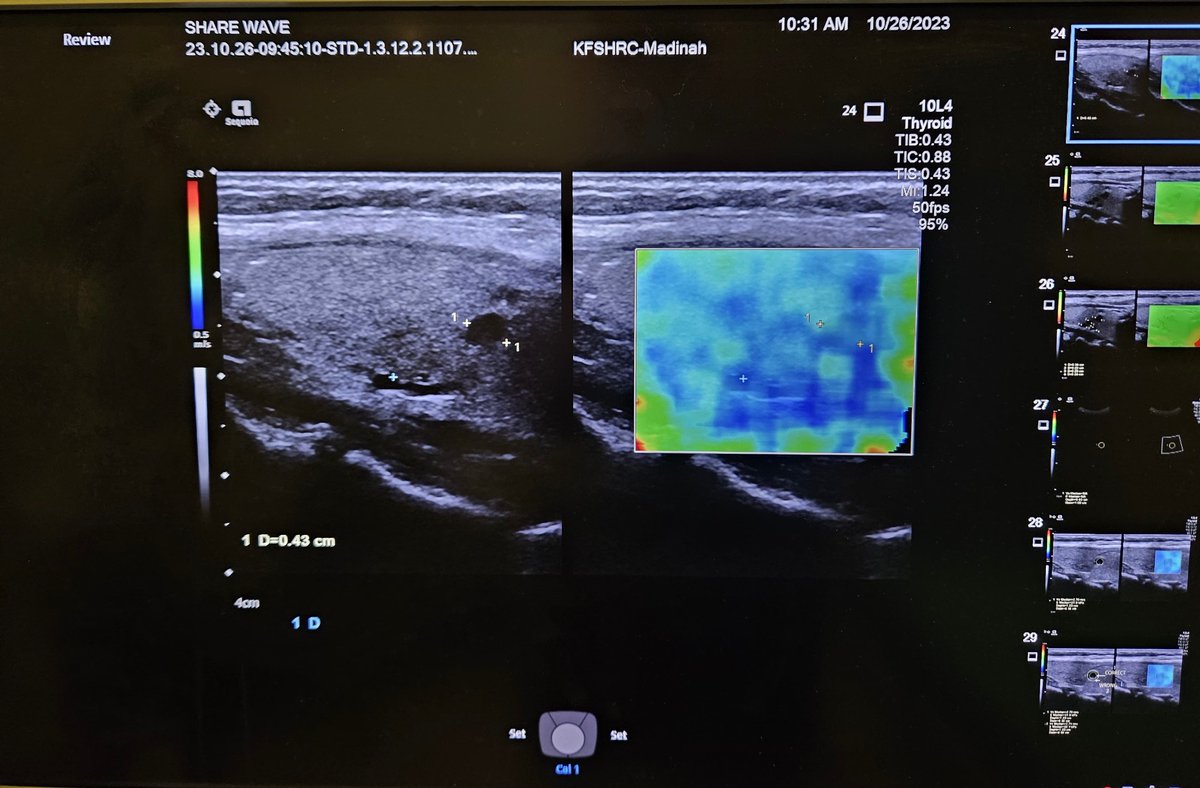 Finalized our #Elastography training for our Ultrasound Techs, Abdominal Radiologists and #Radiology Specialists &amp; officially launched the service 

#KFSHRC_M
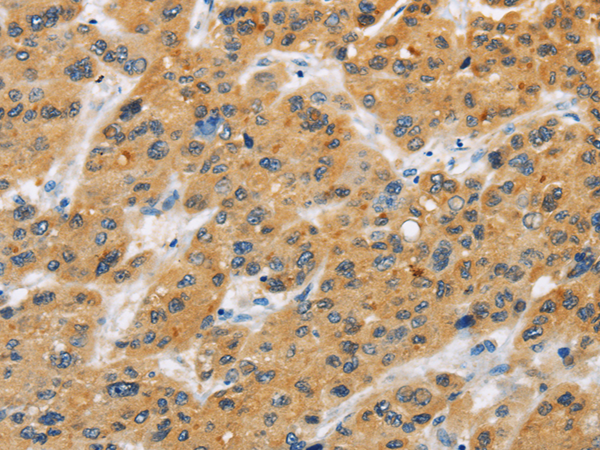 Anti-BTLA Rabbit Polyclonal Antibody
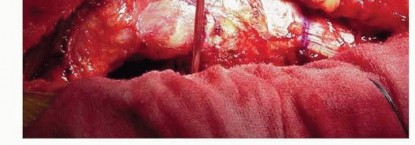 Illustration 6 for Cemented Total Hip: A Successful & Evidence-Based Solution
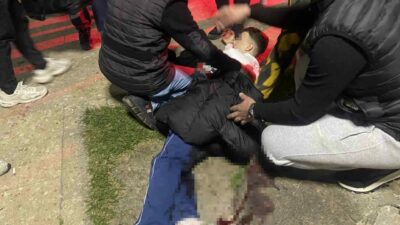 Bursa’nın Mudanya ilçesinde bir parkta çıkan bıçaklı kavgada 16 yaşındaki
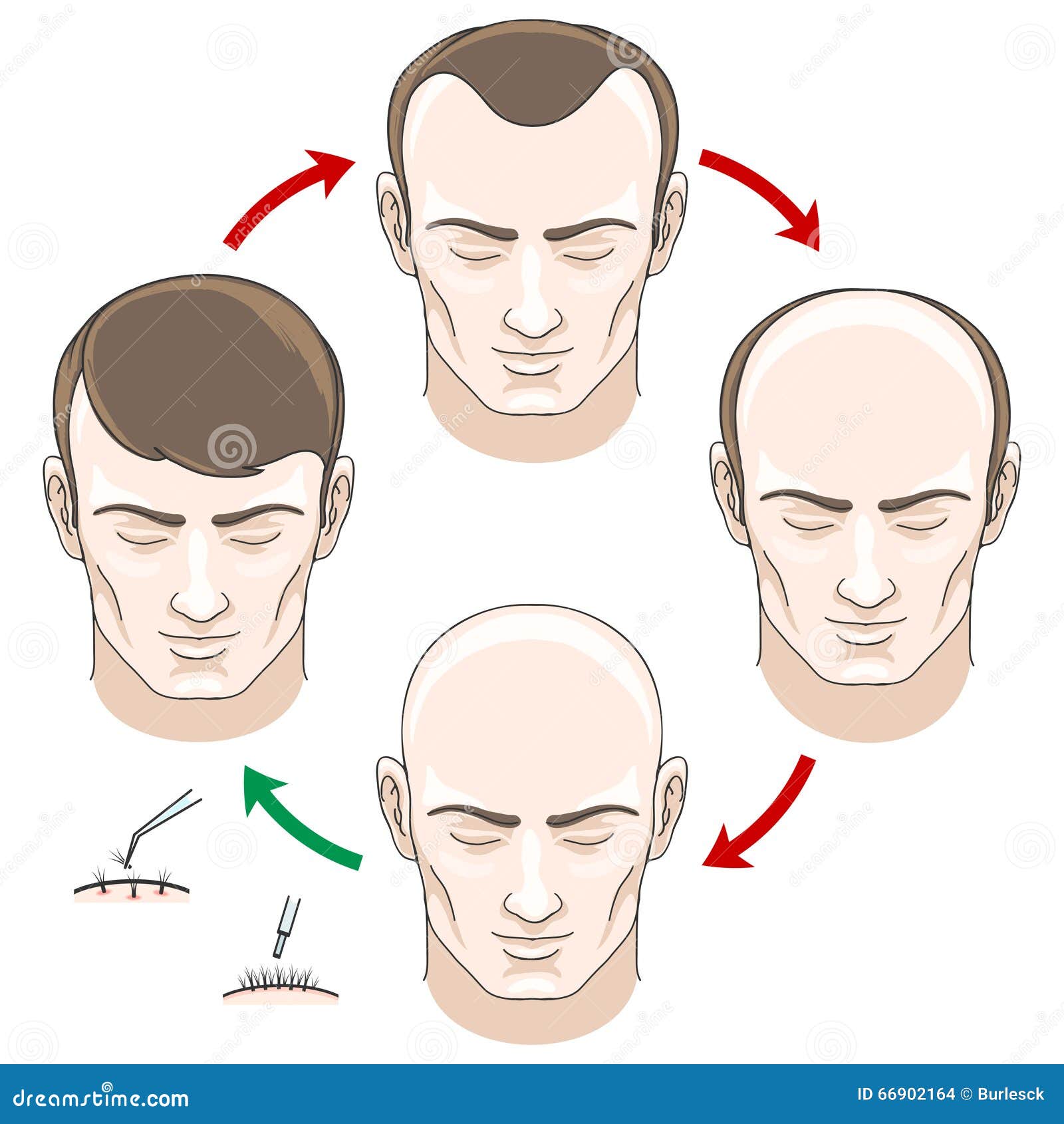 stages of hair loss, treatment and transplantation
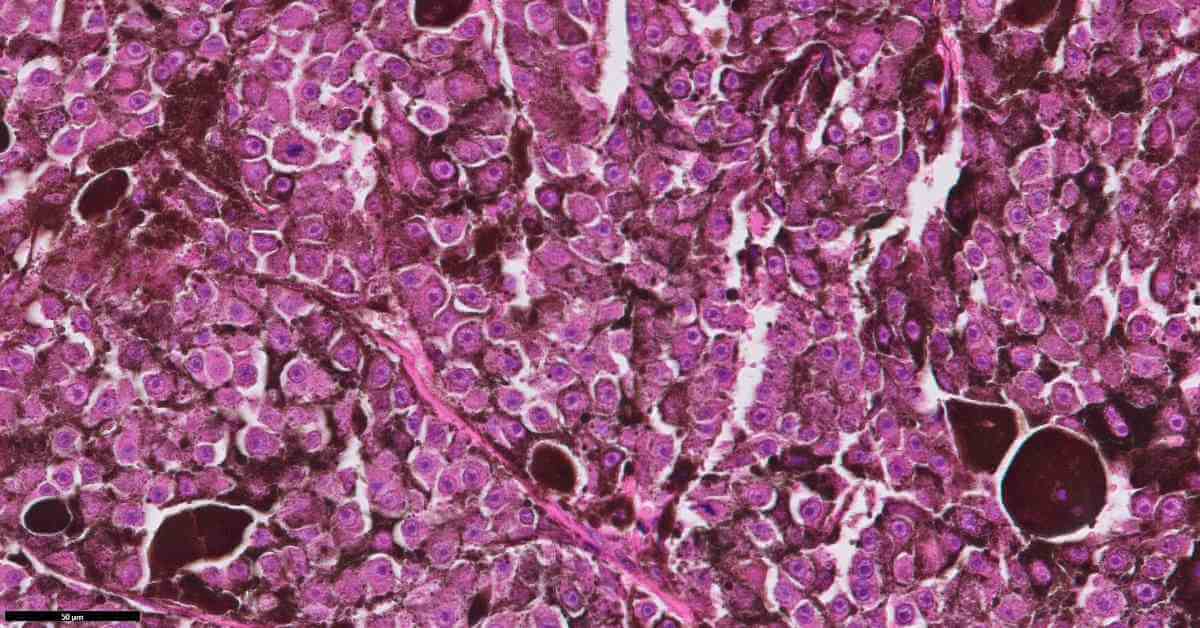 Cellule di melanoma maligno in un gatto al microscopio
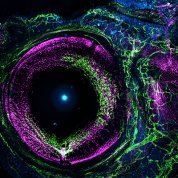 Green branches around a large purple circle: the blood vessels are in purple; the lymph vessels are in green.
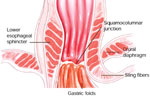 Figure 1 : The gastroesophageal junction. Unfortunately we are unable to provide accessible alternative text for this. If you require assistance to access this image, or to obtain a text description, please contact npg@nature.com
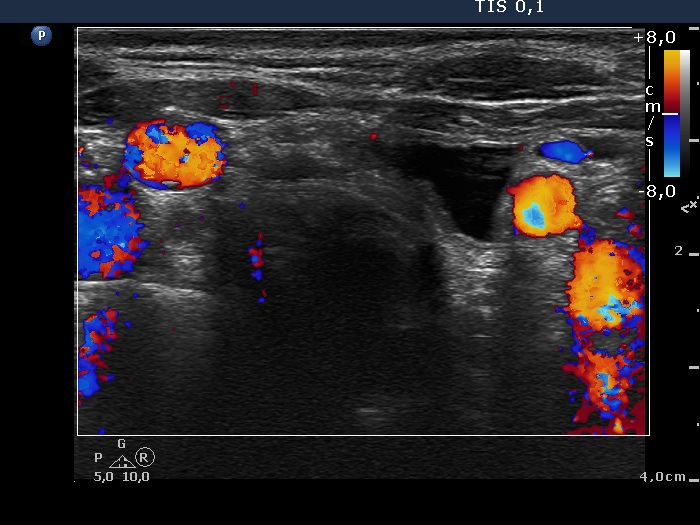 Right lobe, longitudinal scan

+---+

### TASK INSTRUCTIONS
The result should be a transcript of the lines from the line containing "Cellule di melanoma" through the end of the listing above, exact, inclusive, and without pictures.

### WRITTEN SOLUTION
 Cellule di melanoma maligno in un gatto al microscopio
 Green branches around a large purple circle: the blood vessels are in purple; the lymph vessels are in green.
 Figure 1 : The gastroesophageal junction. Unfortunately we are unable to provide accessible alternative text for this. If you require assistance to access this image, or to obtain a text description, please contact npg@nature.com
 Right lobe, longitudinal scan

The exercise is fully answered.